Aas: Apparent peace in Center Party is over

Taavi Aas (Center).
Taavi Aas (Center). Source: Siim Lõvi /ERR

Leading Center Party members Taavi Aas, and Tanel Kiik, both of whom are former government ministers, support the call for an extraordinary party congress. According to Aas, if one does not take place, the current tensions within the party will continue.

"After the last congress, when the congress rejected the proposal to hold an extraordinary congress, we hoped that the situation had calmed down. [It] seemed that the congress had had its say and the leadership would follow it. Yesterday showed that that was not the case. One side wants to pursue its will to the full. We are clearly in a new situation. The apparent peace that existed is now clearly over," Aas said.

According to Aas, the problem is primarily with the party's board. "The only solution can be for the congress to decide on the composition of a new board," he added.

ERR asked Aas whether the election of a new chair during the extraordinary congress could also lead to some members leaving the party. "I would like to hope that this will not happen and that we can come together going forward. But, time will tell," Aas replied.

Aas was unable to say who might run against Mihhail Kõlvart at the extraordinary congress. "As far as Jüri Ratas is concerned, here are his decisions.

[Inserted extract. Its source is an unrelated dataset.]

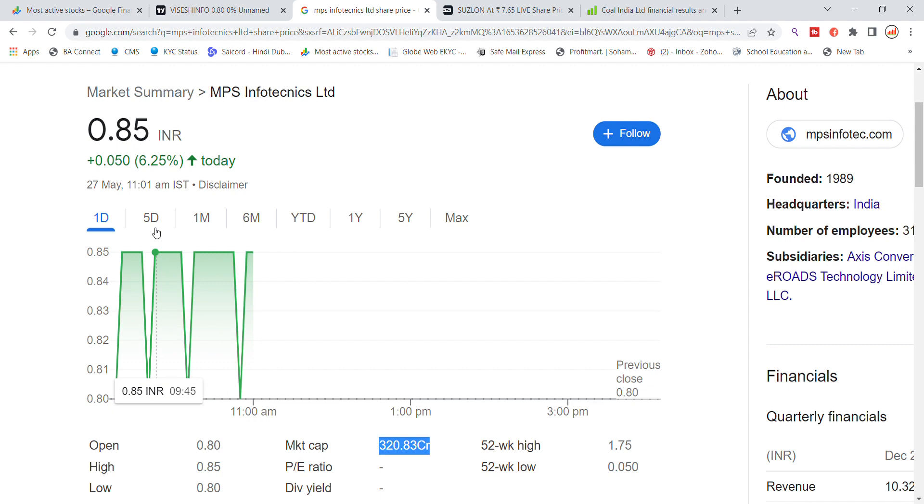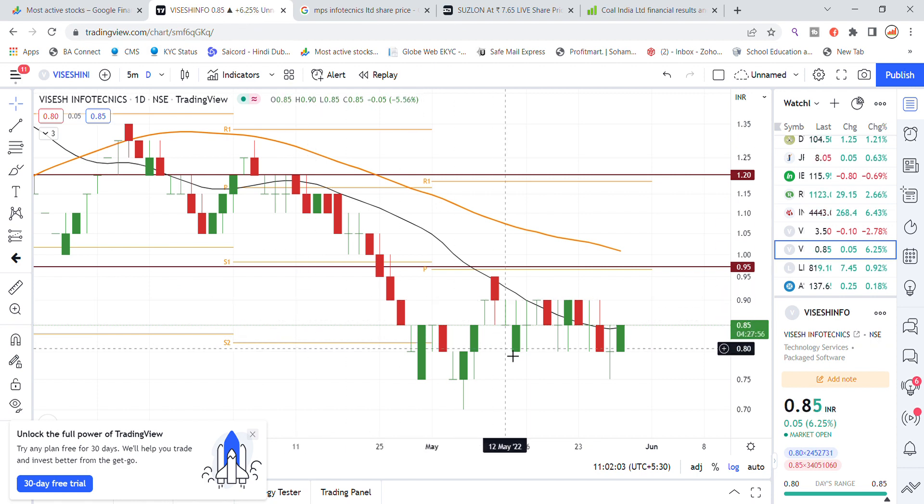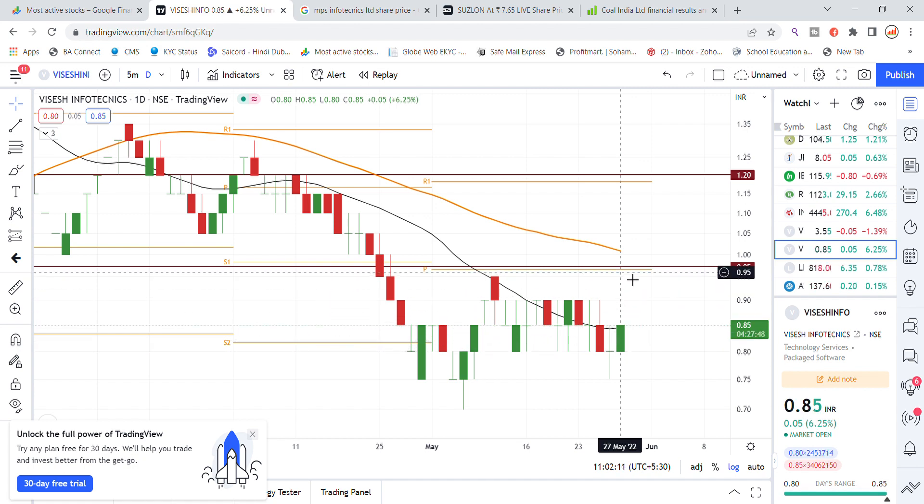Over the past 5 days the stock has moved up around 5%. In the chart analysis you can also see this move. Currently the bounce back is happening and the price is coming up. There is a chance to go up to the ₹0.95 level this month based on the monthly pivot.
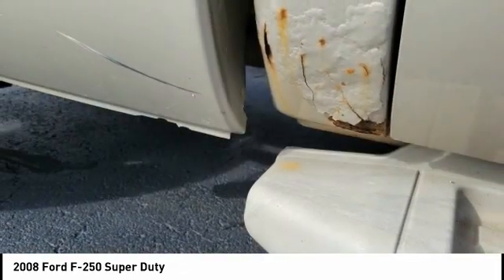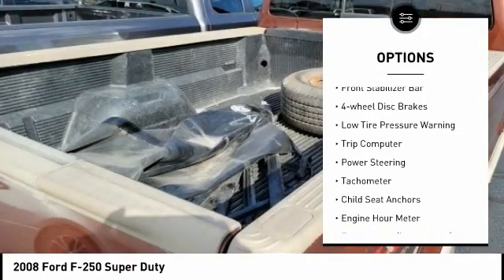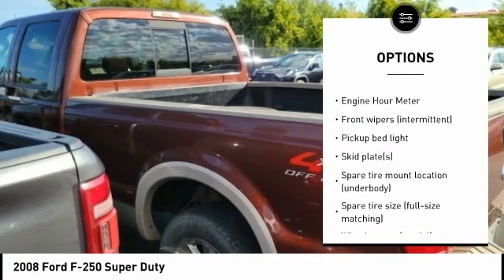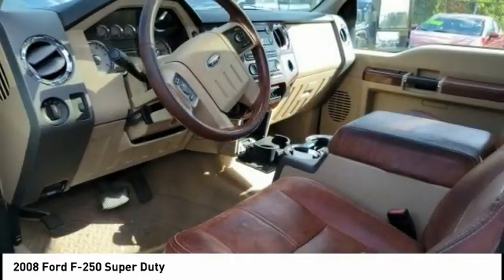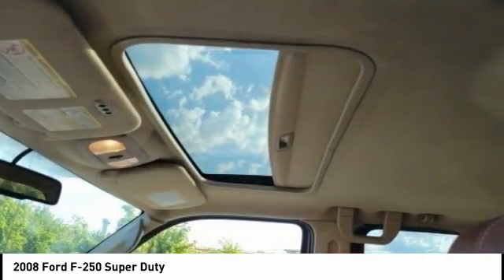Here are some of this vehicle's great options: tire pressure monitoring system, rear step bumper, front stabilizer bar, four-wheel disc brakes, low tire pressure warning, trip computer, power steering, tachometer, child seat anchors, engine hour meter. Your new ride is just a phone call away.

It's up to the people who are running," Aas said.

Kiik: If Ratas does not run for chair, I am prepared to do so

Tanel Kiik said, that he would be prepared to run for the role of party chair, provided he is not up against Jüri Ratas. "Of course, a party congress is definitely not a magic wand that solves all our problems, but at the moment it is clear that the party leadership cannot go ahead without one," said Tanel Kiik.

Kiik also acknowledged, that the power struggle within the party has been going on since the last party council meeting in April. "After the last council meeting, a large number of party members had hoped that the council's decision would now be respected and that the party would carry on until next year's annual congress without all the fussing and bickering," Kiik said.

"Unfortunately [it's been going on for the last few months], and then the final straw was yesterday's decision by the party executive, which was not a vote on whether a particular donation was suitable for the party, but a show of force," said Kiik.

Kiik said that if he did not have to run against Jüri Ratas, he would be prepared to take on the responsibility of party chair. "I have served as a minister in two different governments, I have been vice-chair of the party, I have been one of the top two candidates in the elections for the party leadership, and I have also served in the Riigikogu and previously in the Tallinn City government. I have 15 years of political and party experience. I am undoubtedly ready to take on more responsibility if needed," said Kiik.

Mäggi: Center Party needs change

Public relations manager Janek Mäggi, who knows the inner workings of the Center party well, said it is time for a change. In his view, given Center's poor performance in the recent Riigikogu elections, and the fact that changes of personnel often help organizations to develop, that could be the best way forward.

Mihhail Kõlvart becoming the new leader of the party could have a positive effect, Mäggi said. Then again, Ratas continuing would not necessarily have a negative impact. "I think a change of leadership always seems a bit unexpected. We don't see anything tragic about this, the important thing is that the whole collective can achieve something together as a team," he said.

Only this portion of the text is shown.